Following the latest discoveries, I have read extraordinary things. However, we have to think about where the ‘sick’ proteins are and in what kind of cells gene therapy is possible. In the case of Collagen 6, it would be necessary to reconstruct the entire global network that is formed at birth. This is a very complex matter. Replacing a stable extracellular protein, especially in the presence of variants, is a very difficult challenge. In other diseases, however, considerable progress has been made, especially for cells with a short life span and a high regenerative potential, such as red blood cell precursors but also epithelia affected by cystic fibrosis, for example.
In the case of collagen 6 and the extracellular matrix, the picture is far more complex. The muscle is in an intermediate situation because we know that it can regenerate; in fact one of our hopes is to replace the satellite cells so that they give rise to normal cells. The problem is that the collagen 6 defect is outside the muscle. But how do we replace collagen 6? Genetically, it is difficult because you would have to rebuild the tissue around the muscle in its entirety. This is why I find it somewhat short-sighted that attempts at pharmacological therapies are not promoted when they exist. I am thinking for example of molecules that can be administered that act on the muscle as if they were collagen 6 or, as in the case of Alisporivir, that help prevent the negative effects of the lack of collagen 6 on the muscle.
Would you please say a few words about the new molecules called TR001 and TR002, which are being studied in an official Telethon-funded project ‘Mitochondrial Therapy for Muscular Dystrophies’?
I will leave as a legacy new molecules, which are even more effective in vitro than Alisporivir and which I hope in the future can be used for combination therapy. These molecules (TR001 and TR002; TR is derived from triazole because this group was used to increase the stability of the molecule, which was originally obtained by Professor Forte and myself in a project funded by the NIH-National Institute of Health, are molecules that inhibit the mitochondrial permeability transition pore. They have shown excellent results in cells and in zebrafish models (see article) of both collagen 6 disorders and Duchenne dystrophy (see article). The project aims to evaluate their efficacy in mouse models of these diseases. The target is always the pore, as in the case of Alisporivir-Debio 025.

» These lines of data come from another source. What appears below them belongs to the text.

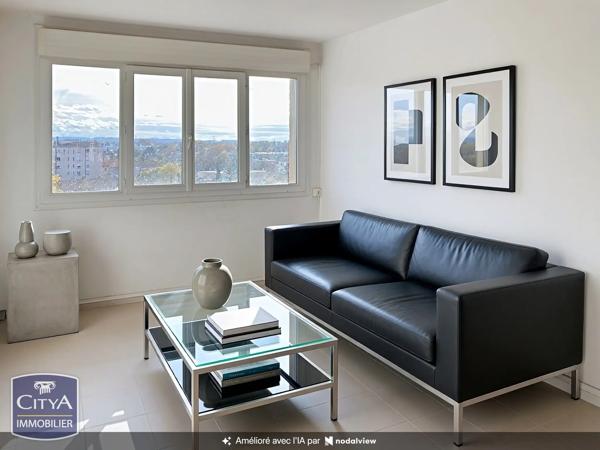Appartement à vendre 3 pièces 50m² Avignon (84000)
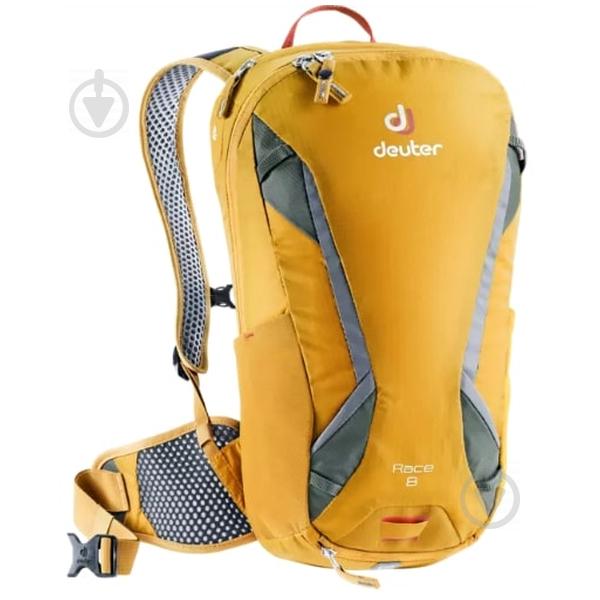 Рюкзак Deuter Race Curry/Ivy (1052-3207018 9203) - фото 2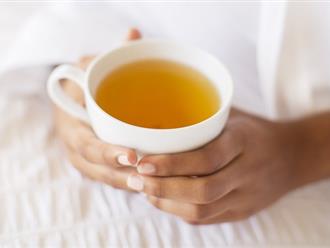 Những lợi ích khi bạn uống trà hàng ngày
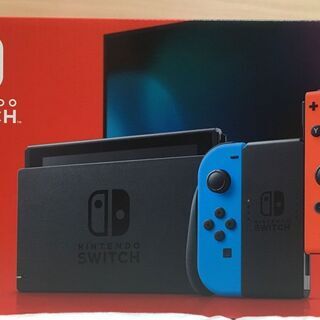 定価】【新品・未使用】Nintendo Switch バッテリー持続時間が長くなっ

The next step will be to find someone to fund us with a view to creating a biotechnology initiative, and this is a project I may dedicate my time to even after retirement! I will have a free hand as my own agent for drug development.
Professor Paolo Bernardi, bernardi@bio.unipd.it
As an expert professor of collagen 6 on our Medical-Scientific Committee (Maybe you didn’t know this, but by accepting this interview you have given your consent for your appointment to the MSC of the Col6 Association), we definitely want you to keep us updated on upcoming projects especially with regard to the TR001-002 molecules.
We sincerely thank you, Professor Paolo Bernardi, for taking the time to conduct this interview and for your valuable contribution to scientific research to date. Your work has had and will continue to have a significant impact on the understanding and treatment of neuromuscular diseases.
We wish you all the best in your new phase of life and in your future research projects.